:: INFORMATION PROVIDED ::
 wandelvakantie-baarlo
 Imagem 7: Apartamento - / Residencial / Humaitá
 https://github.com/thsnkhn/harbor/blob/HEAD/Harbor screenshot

:: EXERCISE REQUIREMENTS ::
Nothing is to be left out. Repeat the whole listing exactly.

:: EXERCISE ANSWER ::
 wandelvakantie-baarlo
 Imagem 7: Apartamento - / Residencial / Humaitá
 https://github.com/thsnkhn/harbor/blob/HEAD/Harbor screenshot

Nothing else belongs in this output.